Docteur Dexter a diagnostiqué une banale grippe (celle qui, depuis mars, jouait à saute-mouton à Phuket et Ko Samui) et gavé Kaitlin d’antiviraux. Janice s’est installée dans la salle d’attente de la clinique en tentant à intervalles réguliers de me joindre par téléphone. Mais j’avais laissé mon portable dans un sac à dos sur une étagère de notre baraque de location. Peut-être aurait-elle essayé de contacter Hitch si celui-ci avait cru aux communications non cryptées : il se baladait avec un GPS et une boussole, s’imaginant que c’était plus que suffisant pour un costaud dans son genre.


La première fois que j’ai aperçu la colonne, entre les arbres de la forêt, j’ai cru voir le chedi d’un wat dans le lointain. Toute l’Asie du Sud-Est est parsemée de ces temples bouddhistes dont vous trouverez des photos (au moins de celui d’Angkor, Angkor Vat) dans l’encyclopédie de votre choix.
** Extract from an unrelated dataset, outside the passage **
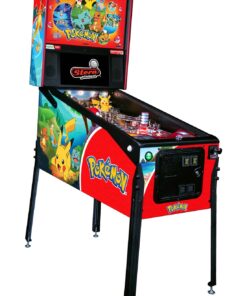 Pokémon Premium Pinball Machine by Stern with vibrant artwork and dynamic gameplay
On les reconnaît au premier coup d’œil, avec leurs tours reliquaires en pierre à l’apparence vaguement organique, comme si un énorme troll avait laissé ses os se fossiliser dans la jungle.
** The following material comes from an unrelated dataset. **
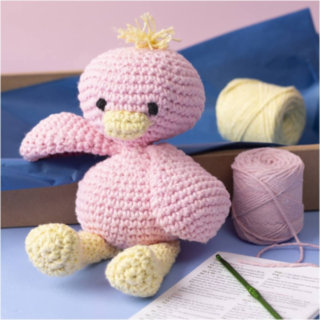 Amigurumi Ankka, DIY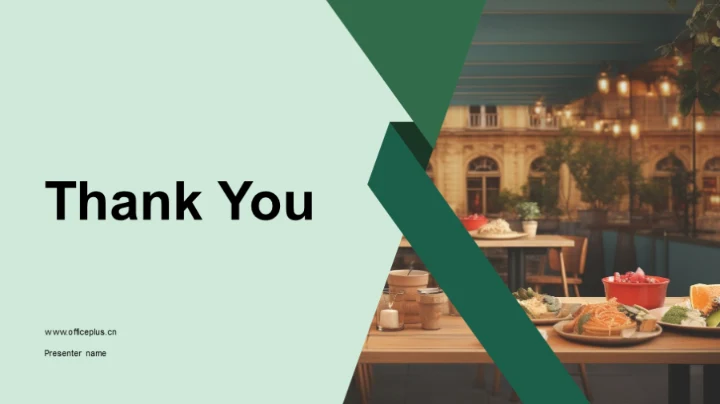 餐厅顾客消费分析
Mais ce chedi-là – que j’ai mieux vu au fur et à mesure que nous avons progressé sur cette route accidentée qui sinuait sous une longue crête en surplomb – n’était ni de la bonne forme, ni de la bonne couleur.
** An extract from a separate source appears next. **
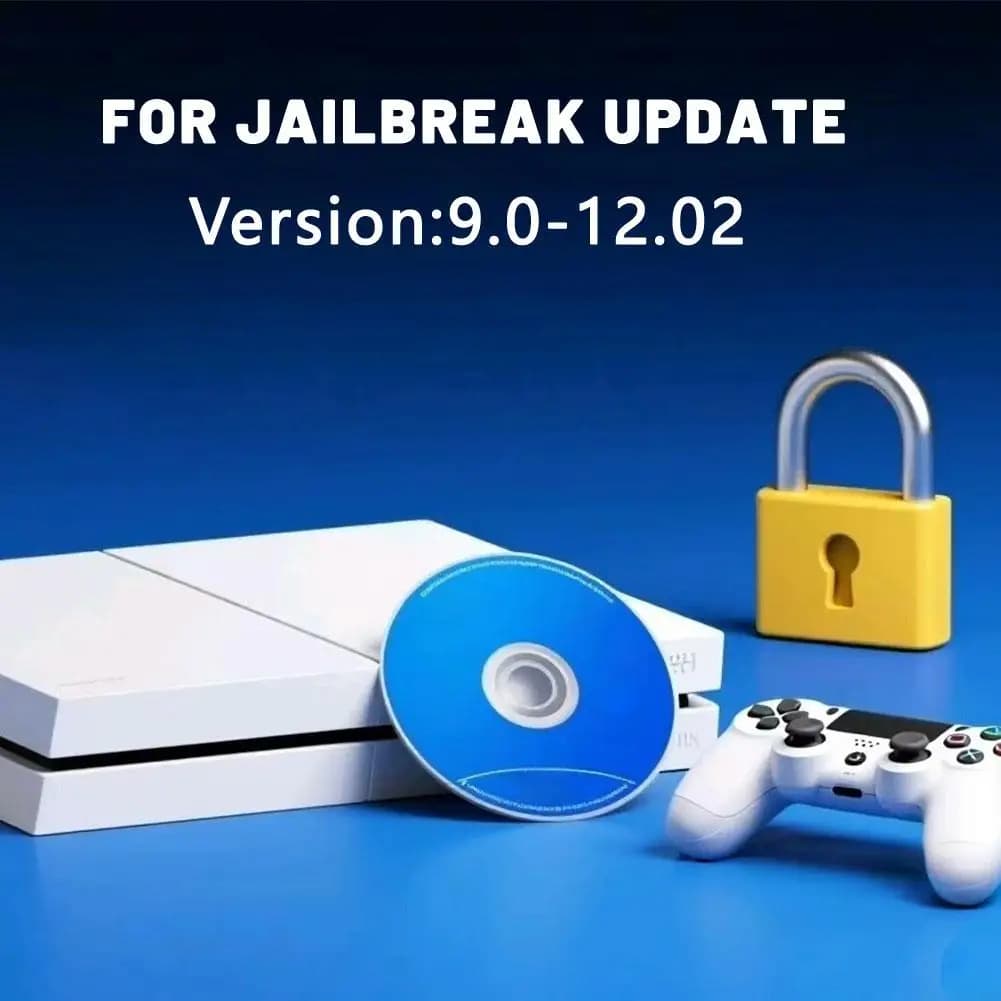 Per PS4 Blu Ray Toss Dischi Giochi CD Playstation Uso diretto sul sistema console 9.0-12.02 Accessori per console di gioco Flash USB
Nous sommes tombés juste après la crête sur un barrage de la police royale thaïe, avec des voitures de la police des frontières et divers hommes armés dans des 4x4 piquetés de rouille. Ils refoulaient tout le monde. Quatre des soldats braquaient leurs armes sur un songtheaw Hyundai antédiluvien bourré de volailles caquetantes. Les agents de la police des frontières semblaient à la fois très jeunes et très hostiles, avec leurs vêtements kaki, leurs lunettes d’aviateur et la nervosité qui transpirait de leur façon de pointer leurs fusils. Je n’avais aucune envie de me frotter à eux, ce dont j’ai fait part à Hitch.